# Exercise objective
From the line containing "- thumbnail 2" down to the line containing "Vývoj zubního kamene", copy out the entries below exactly, both lines included, and nothing else; pictures do not belong in the copy.

Task inputs section start

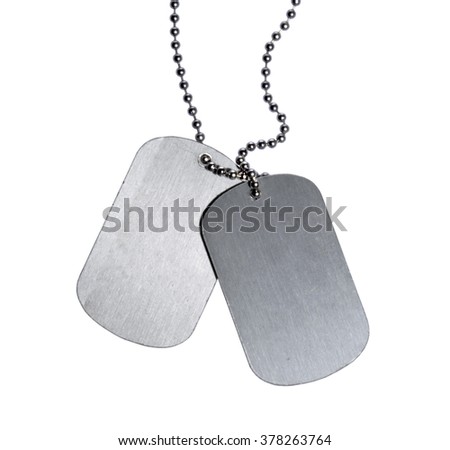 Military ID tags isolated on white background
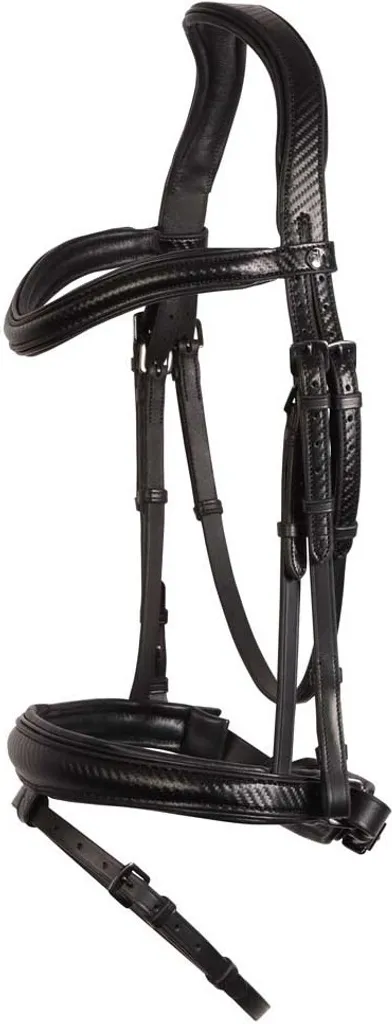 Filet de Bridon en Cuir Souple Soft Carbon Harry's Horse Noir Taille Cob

Task inputs section end
Task inputs section start

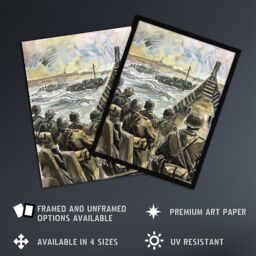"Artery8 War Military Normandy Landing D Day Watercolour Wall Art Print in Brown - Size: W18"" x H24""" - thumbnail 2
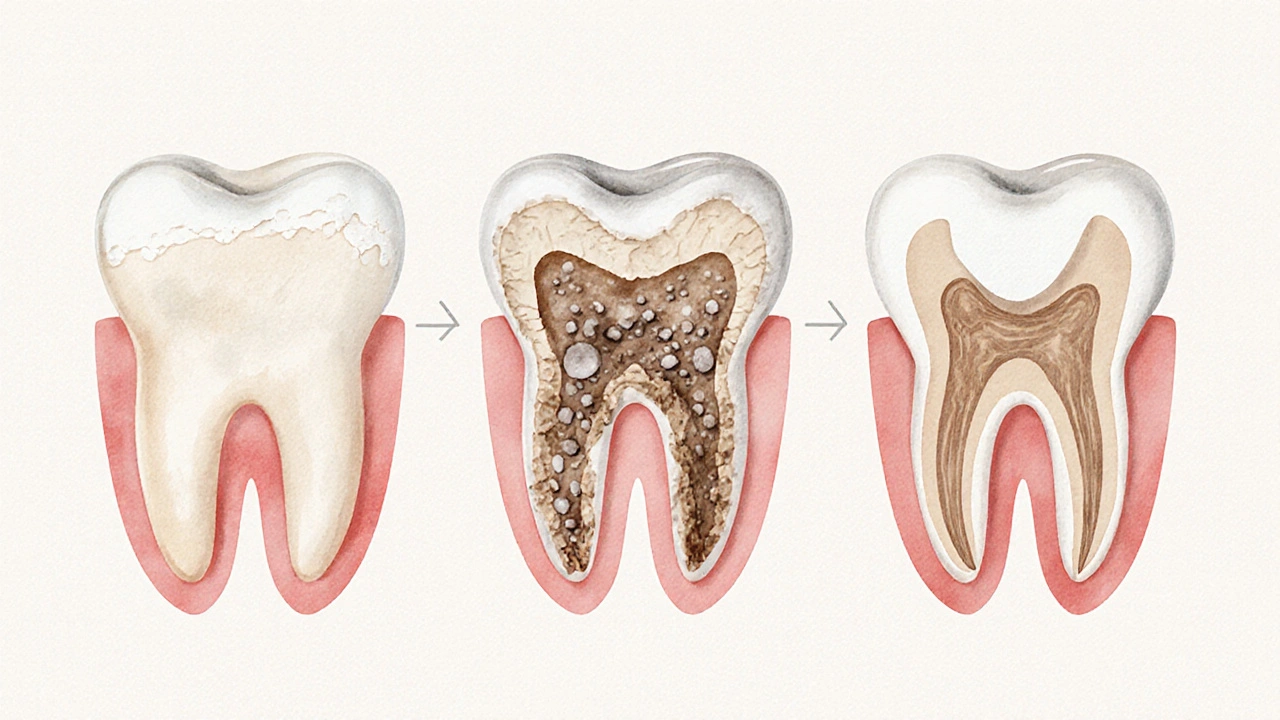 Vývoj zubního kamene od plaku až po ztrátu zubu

Task inputs section end
Task inputs section start

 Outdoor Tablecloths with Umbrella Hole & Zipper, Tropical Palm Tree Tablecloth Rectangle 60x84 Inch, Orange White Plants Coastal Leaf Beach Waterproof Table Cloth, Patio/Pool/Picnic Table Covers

Task inputs section end

# Written solution
"Artery8 War Military Normandy Landing D Day Watercolour Wall Art Print in Brown - Size: W18"" x H24""" - thumbnail 2
 Vývoj zubního kamene od plaku až po ztrátu zubu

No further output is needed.